> [Source material]:

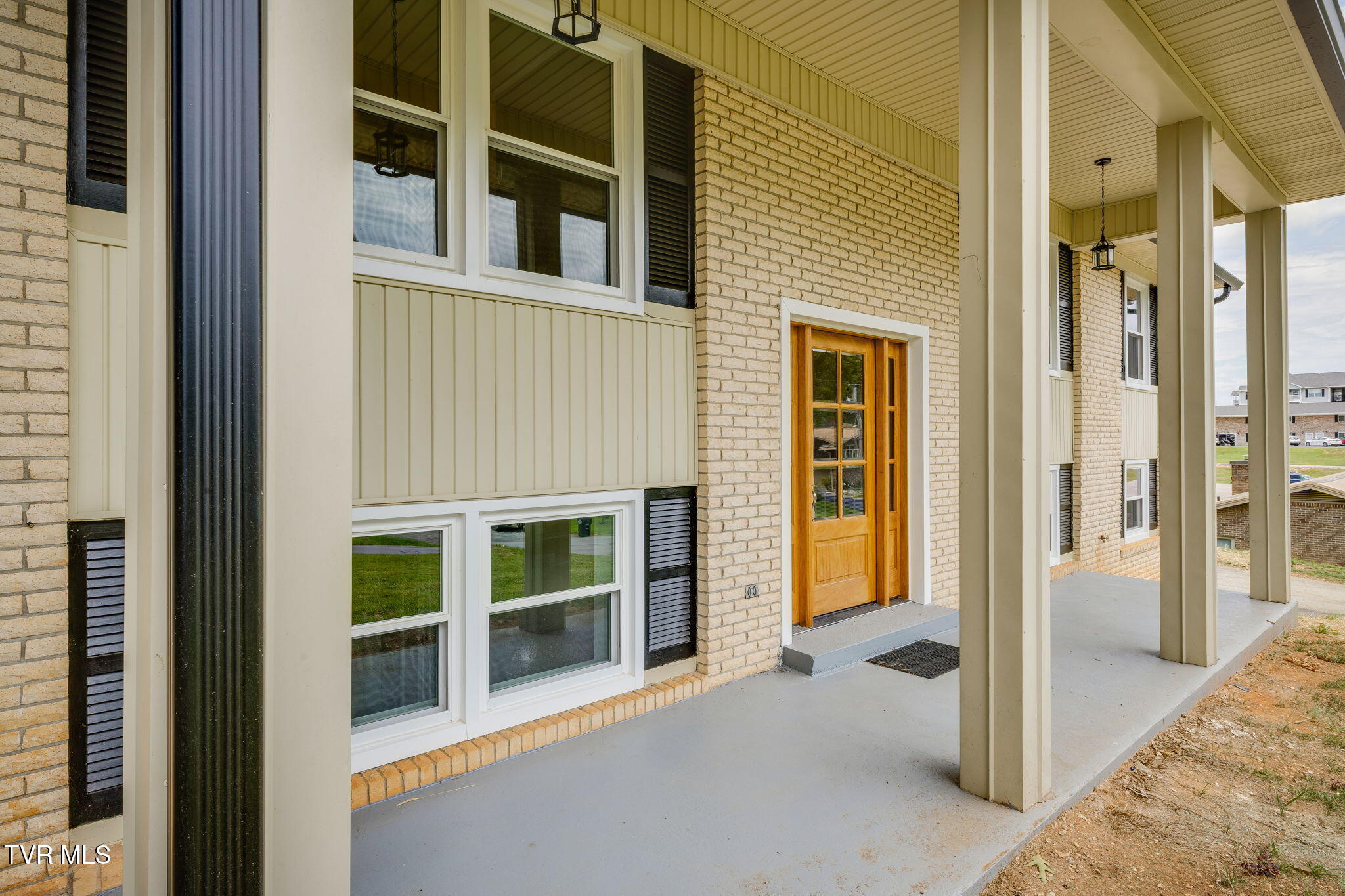 806 Sir Echo Drive
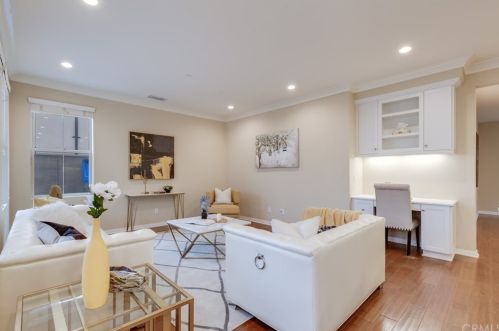 88 Rembrandt, Irvine CA  92620-7314 exterior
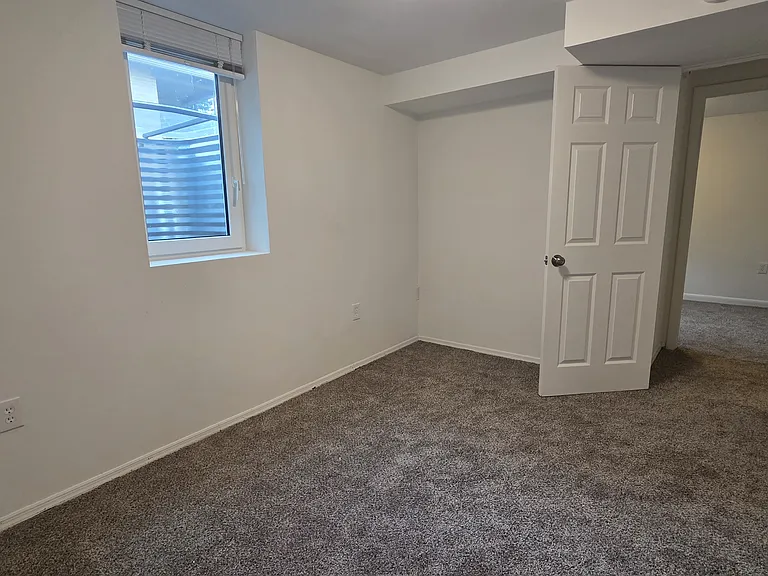 2131 S Yates St — Photo 15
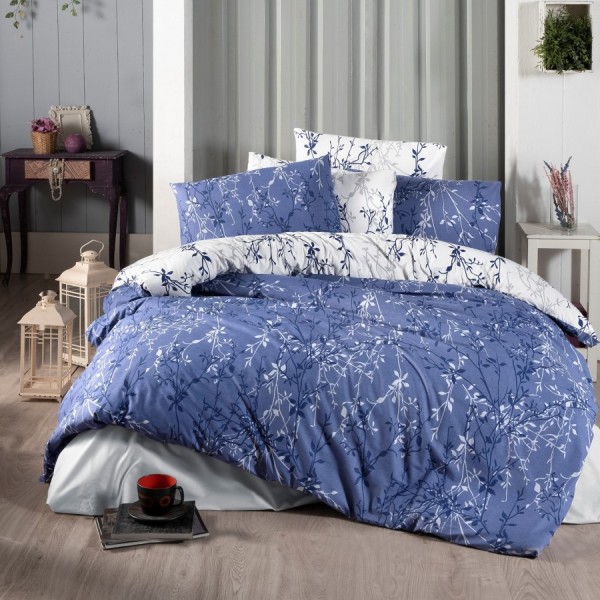 Lenjerie de pat Story Home Zena Navy Blue din bumbac 100% ranforce, cu design floral alb-albastru pe fundal albastru și alb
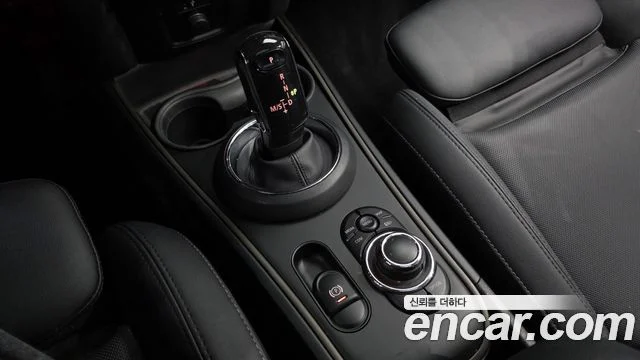 2022 MINI 쿠퍼 컨트리맨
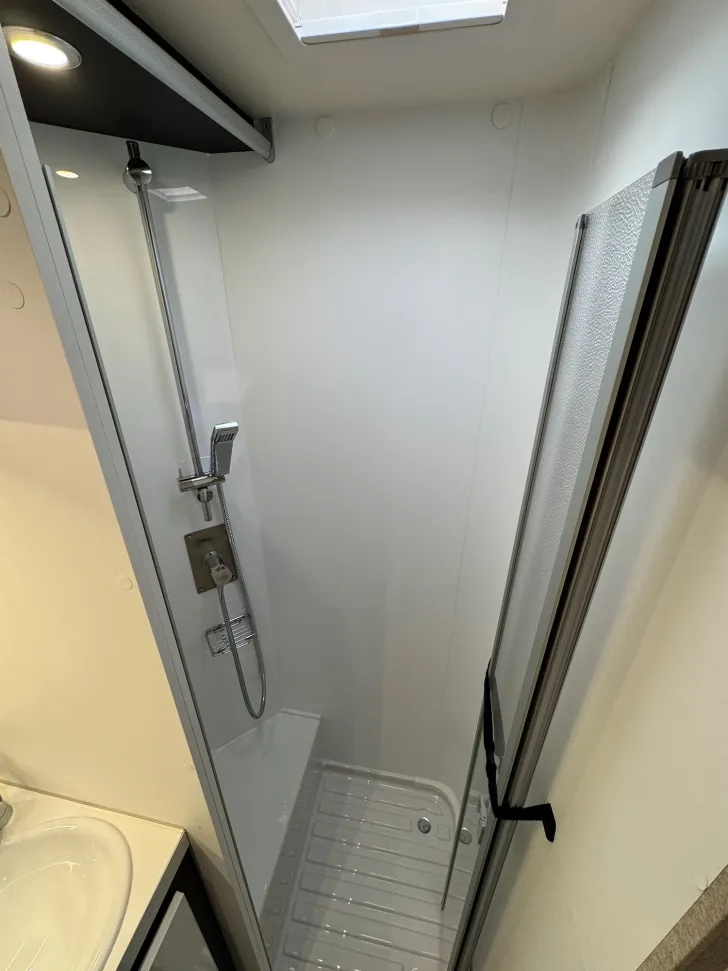 Fahrzeugbild Forster A 699 VB, MJ25, SAT, TV, LITHUM, SOLAR,... #22
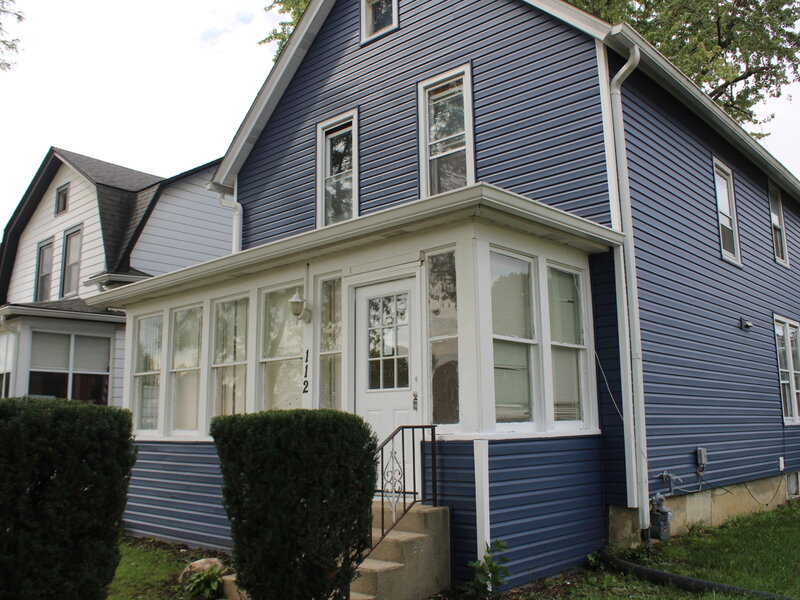 112 Washington Park Waukegan IL 60085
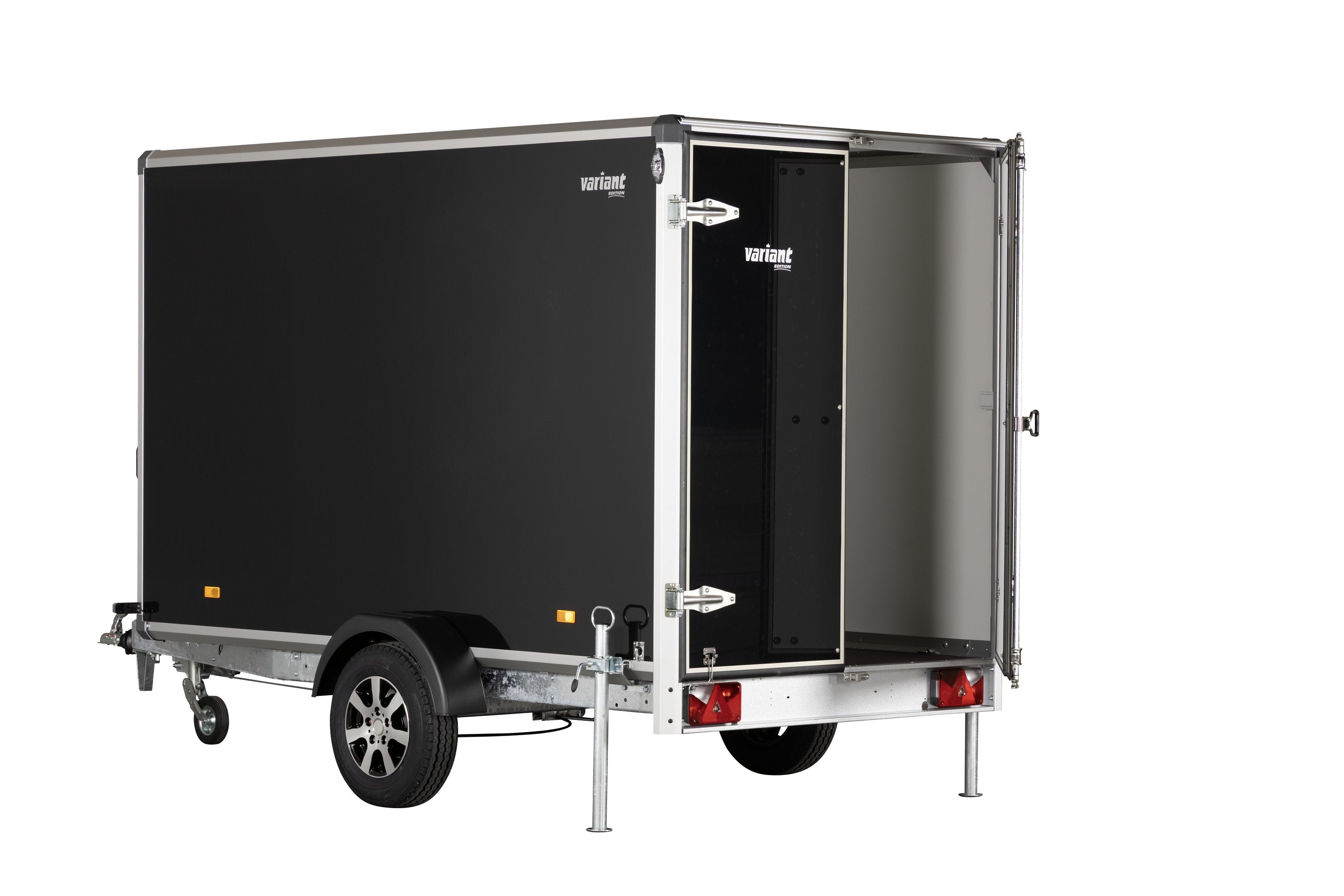 1317 C3 Edition | Træ (finer) | Ladmål 302 x 168 x 188 cm | 1350 kg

> [What you have to do]: Restate word for word only the lines that run from the line holding "2022 MINI 쿠퍼 컨트리맨" to the end of the data, both ends kept, leaving every picture out.

> [Reply to the exercise]:
 2022 MINI 쿠퍼 컨트리맨
 Fahrzeugbild Forster A 699 VB, MJ25, SAT, TV, LITHUM, SOLAR,... #22
 112 Washington Park Waukegan IL 60085
 1317 C3 Edition | Træ (finer) | Ladmål 302 x 168 x 188 cm | 1350 kg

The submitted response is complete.